Quais são as principais classes de drogas orais usadas no manejo da DM2? Descreva possíveis efeitos, riscos e precauções (8 classes).

A
CAUSAM QUEDA DA RESISTÊNCIA A INSULINA
- Metformina: primeira escolha, pode causar perda de peso
   .Causa queda de B12
   .Não usar em clearance < 30
- Glitazona: causa elevação de peso
   .Retem H²O (piora IC)
   .Pode ocasionar fraturas

AUMENTAM SECREÇÃO DE INSULINA (risco de aumento ponderal e hipoglicemia)

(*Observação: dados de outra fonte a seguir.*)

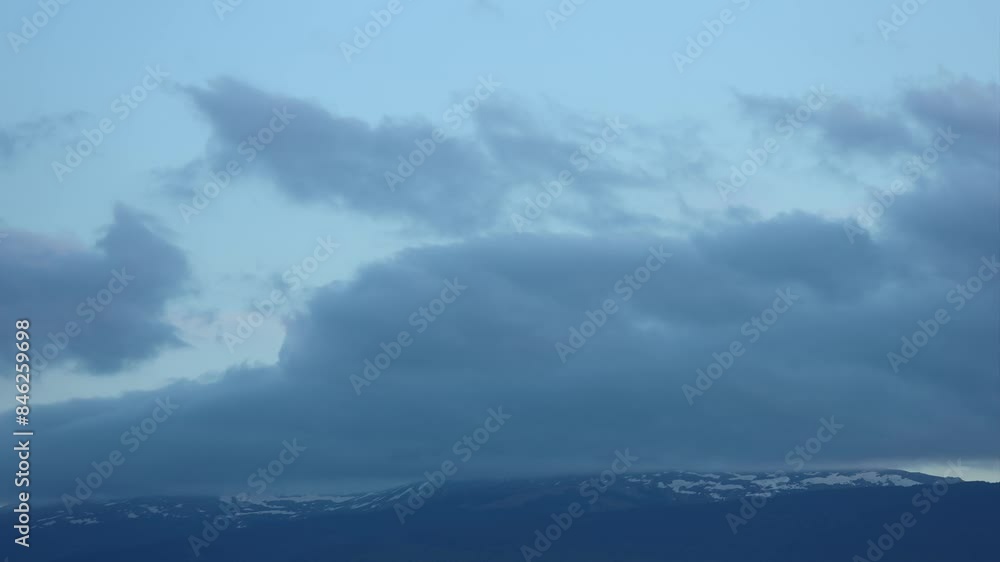 Timelapse of moving clouds in mountains with snow, at dusk. Creative. Covering clouds in snowy rocky mountains. Cumulus clouds below snowy peaks of a Mountain. Vitosha mountain, Bulgaria Timelapse of moving clouds in mountains with snow, at dusk. Creative. Covering clouds in snowy rocky mountains. Cumulus clouds below snowy peaks of a Mountain. Vitosha mountain, Bulgaria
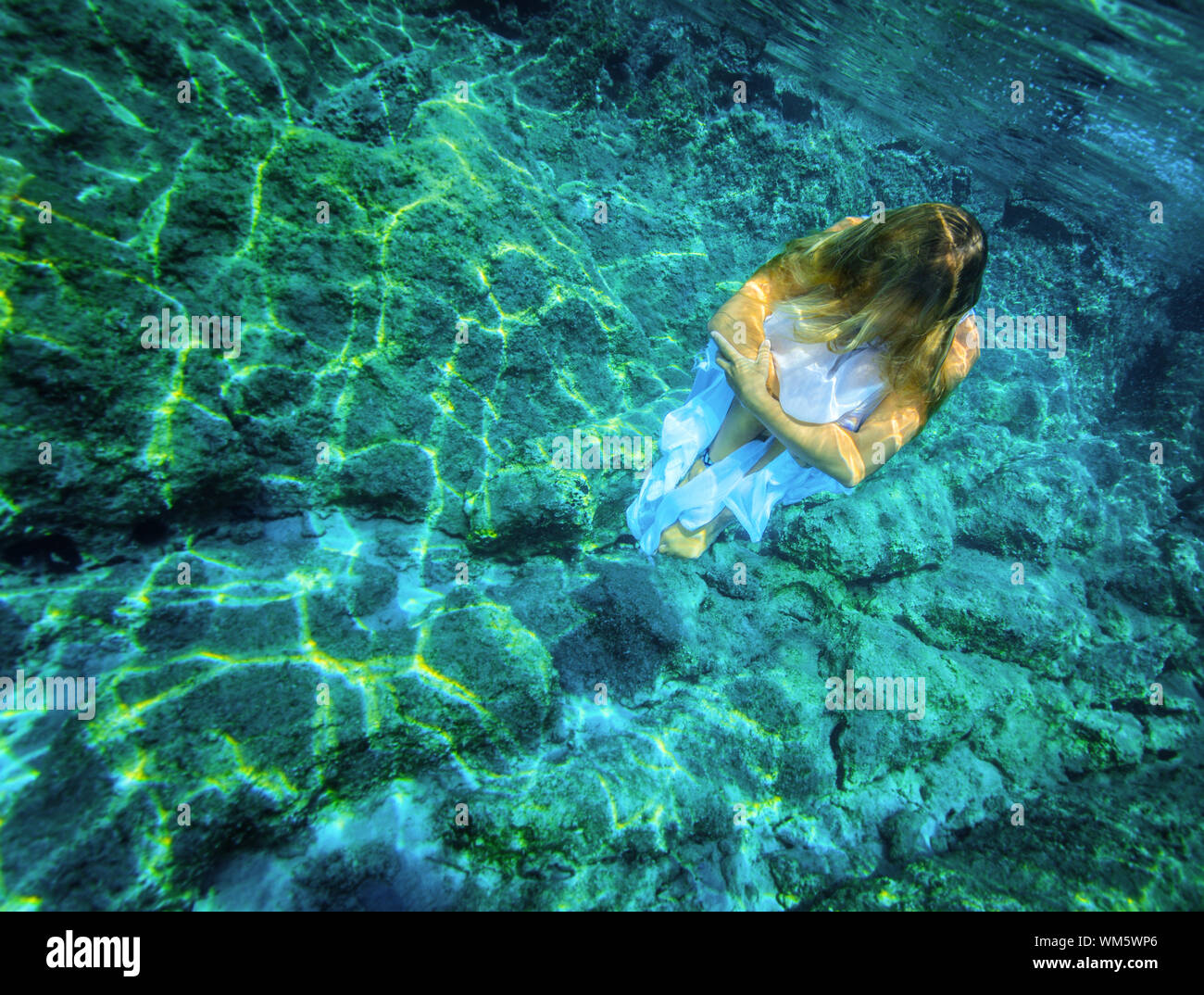 Underwater meditating Stock Photo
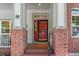 Inviting front porch with brick columns, house number 59, and a decorative front door with a storm door at 6900 W Grant Ranch Blvd # 59, Littleton, CO 80123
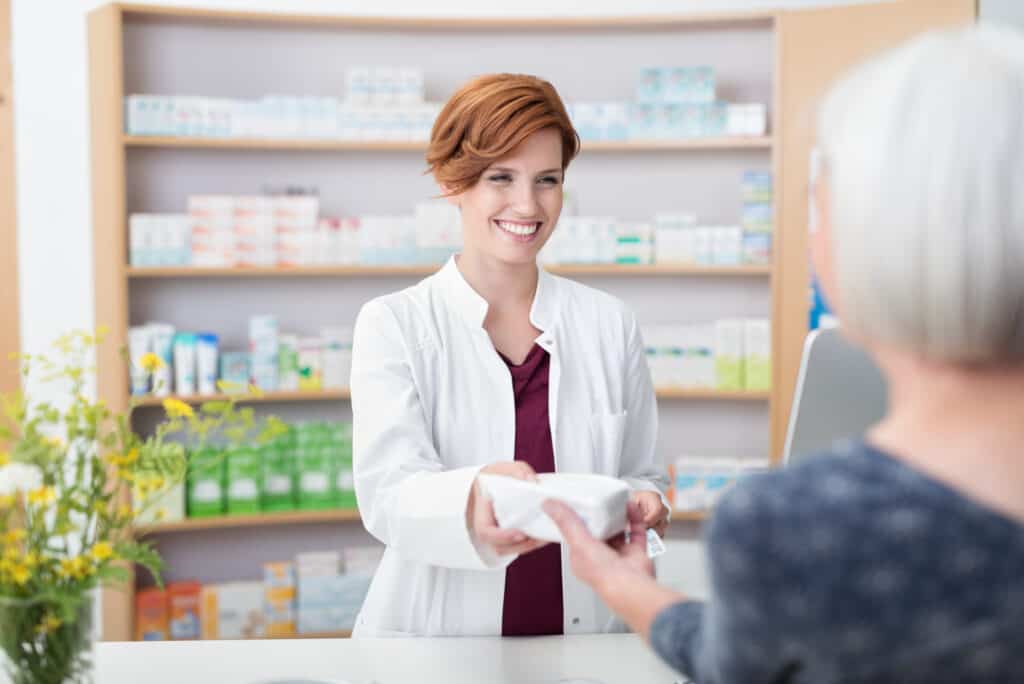 Major pharmaceutical employee handing over prescription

  • Sulfonilureias (basal): glibenclamida, glimepirida, glicazida
  • Glinida (prandial): repaglinida, nateglinida

DIMINUEM A ABSORÇÃO DA GLICOSE
- Acarbose (inibe α-glicosidase): eficaz em ação pós-prandial
.Causa flatulência

ELEVAM INCRETINAS
- Inibidor da DPP-IV (gliptinas)
.Menor risco de hipoglicemia
.Podem ocasionar urticaria, angioedema
- Análogo GLP-1 (liraglutida, dulaglutida)
.Causam perda ponderal
.Benefício cardiovascular
.Risco de pancreatite, CA de tireoide (?)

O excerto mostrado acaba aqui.